Por Amilcar Neves*
Não vou negar: fiquei tentado a dar a esta crônica o título "Era para ser
esporte". Mas esporte pressupõe a prática de exercício, comumente
exercício físico (fecundo exercício intelectual, no caso do xadrez). Assim,
esporte é para os atletas.
Para os espectadores, que vão ao estádio assistir a uma partida de futebol, por
exemplo, trata-se de divertimento. Quer dizer, era para ser divertimento.
Pode-se argumentar que a paixão, exacerbada, altera um tanto o conceito de
diversão.
O argumento, porém, não se sustenta. Existe muita gente que se diverte
profundamente com a leitura de bons livros. Isto porque nutre profunda paixão
pelos bons livros e com eles passa horas inesquecíveis e fecundas como se
jogasse uma partida de xadrez. No caso, o espectador (leitor) é também o
atleta, pois se exercita intelectualmente com grande prazer e imensa paixão.

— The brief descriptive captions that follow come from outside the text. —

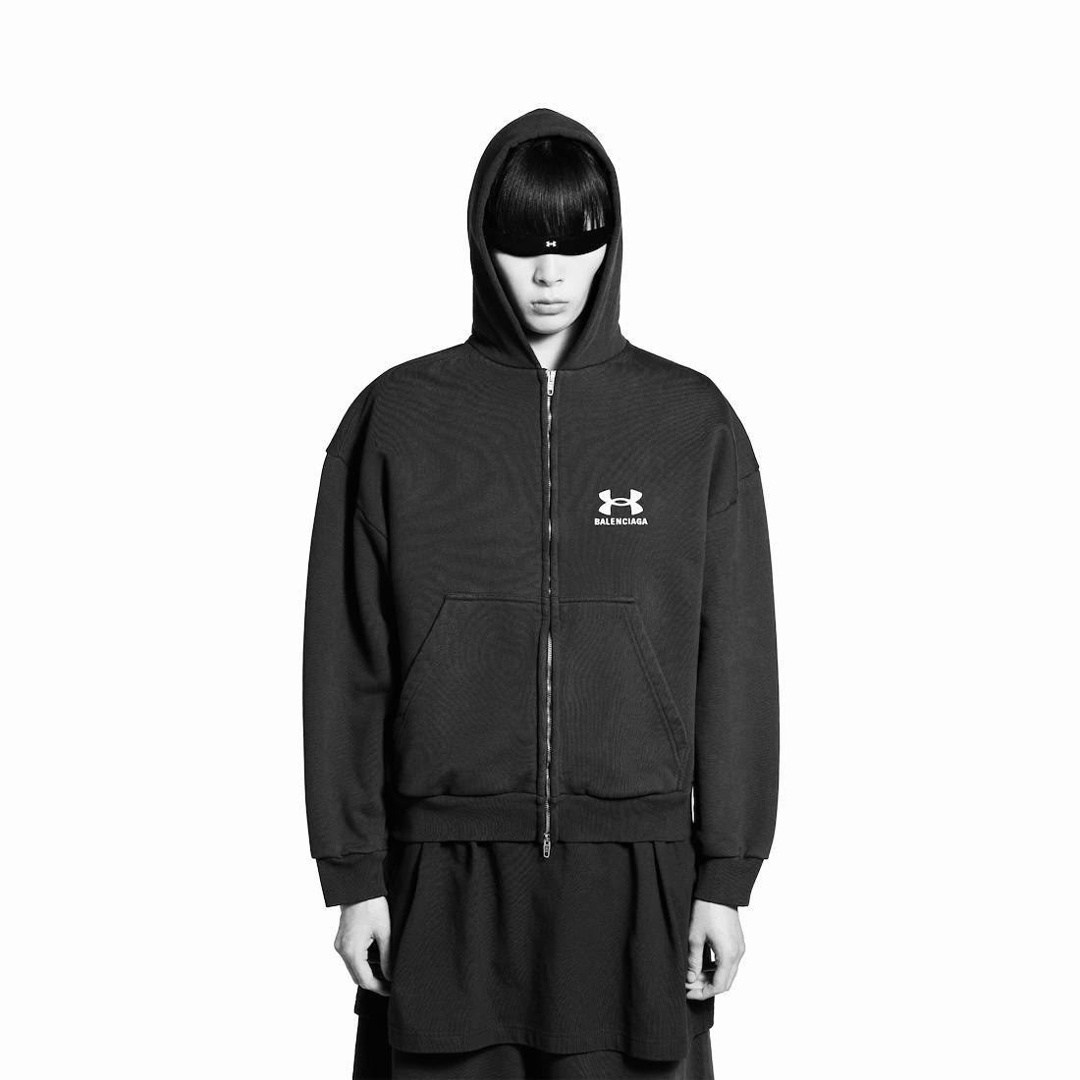толстовки мужские,толстовки,свитшот и толстовка,under armour balenciaga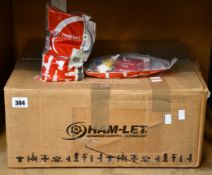 A large quantity of as new Ham-Let valves and related.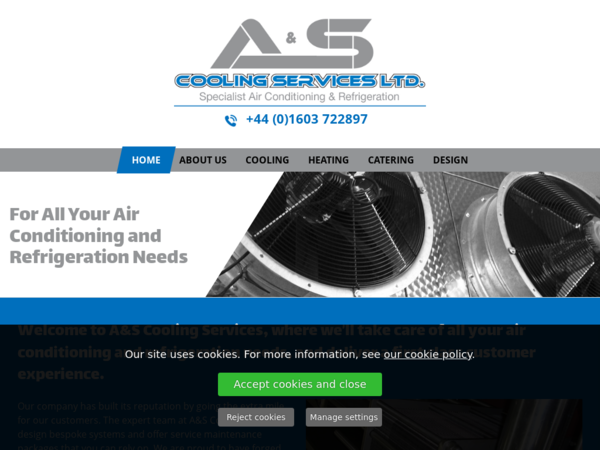 A & S Cooling Services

A paixão, pois, não transfigura a natureza do divertimento, antes lhe dá sabor
e graça.
Assim, no futebol, a paixão do torcedor significa envolvimento emocional, mas
não o autoriza a perder a razão, o bom senso, o equilíbrio e a consciência de
que aquilo que se desenrola ali à frente é apenas jogo – não é a vida. Para
assistir à partida, paga uma soma em dinheiro, outra em tempo e estamos
conversados.
Esporte também é negócio, claro, que movimenta enormes somas de dinheiro que
mudam de mãos em velocidade surpreendente. Para o espectador, para o torcedor,
isso não tem a menor influência porque ele não investe nem lucra com o esporte.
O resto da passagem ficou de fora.